Deism was the ideology that fused Enlightenment thinking with religious doctrine.  During the late 18th century and early 19th century, Deists fought the Puritan and Anglican way of thinking about the Bible and religion.  Lambert associates and categorizes the Anglicans and Puritans with the “old learning” and “new learning” with Deists.  Each was a worldview at odds with one another.  Old learning asserts that the Bible is absolute truth and only people with God-given gift of interpretation could know or teach its truth.  Church and state in the old learning society were bedfellows, resulting in persecution of dissenting religions and intolerance.  New learning arrived on the scene during this time in America inspired and found on reason, deductive logic, and natural laws from Locke, Bacon, and Newton.  New learning empowered the individual to experience God not through the clergy but through personal understanding.  This idea broke the power relationship of the church and state.  This idea is emphasized in the Virginia Act for Establishing Religious Freedom and the First Amendment. 

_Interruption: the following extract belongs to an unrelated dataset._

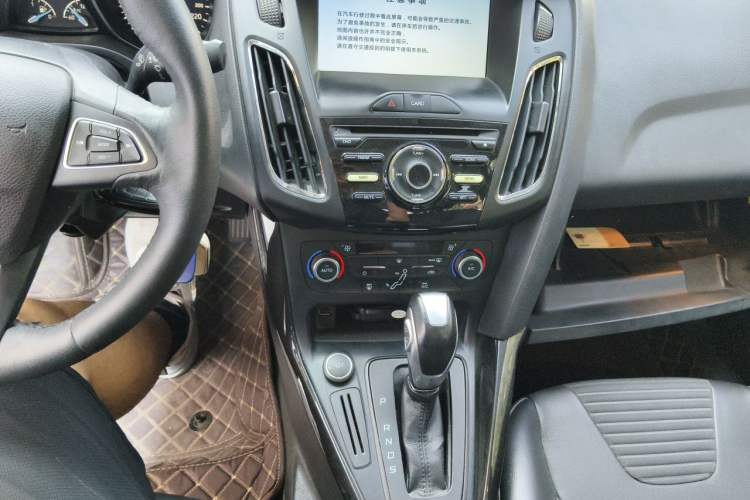 Used Ford Focus 2017 Sedan 1.6L Automatic Fashion Edition Smart Drive Version Audio And AC Panel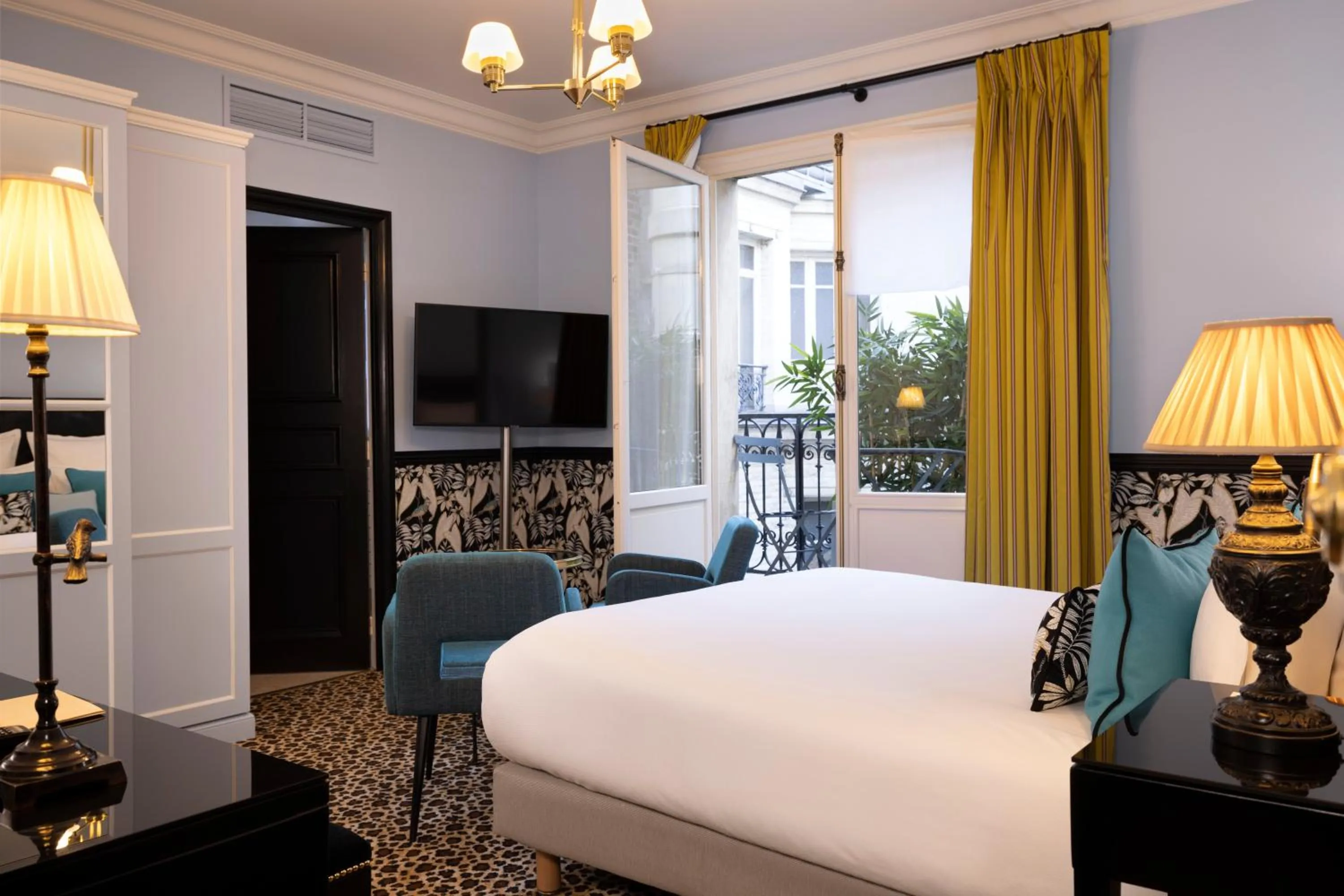 Photo of the whole room, Bed in Hotel West-End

Jefferson constructed his view of Jesus through deism and enlightenment thinking.  The deist belief that God is the ultimate architect who created the world and mankind but does not intervene in the world is seen in Jefferson’s omission of supernatural events.  Jefferson’s Bible excludes miracles, virgin birth, and resurrection.  Jefferson like the “new learners” trusted that the cosmos could be explained by natural law, so miracles are unbelievable because they cannot be explained by science.  This is why Jefferson truncated them from his retelling of the gospels in search for not the historical Jesus but the intelligent Jesus, who is the greatest moral philosopher.  The deist belief in no trinity along with right behavior is necessary for salvation is evident in Jefferson’s account with the absence of God’s conversations with Jesus like after baptism.  The story does not mention how God is pleased with Jesus and loves him because a deist would not see the father-son relationship as important.  Jesus is not divine or the son of God just a teacher with a great set of moral instruction.  It is no wonder Jefferson keep the Sermon on the Mount because Jefferson’s worldview permits it because the path to true religion is not revelation but reason and moral truth.  Jefferson’s Bible represents how one individual equipped with his own worldview and ideology interpreted the Scriptures resulting in a Jesus shaped in Jefferson’s own image.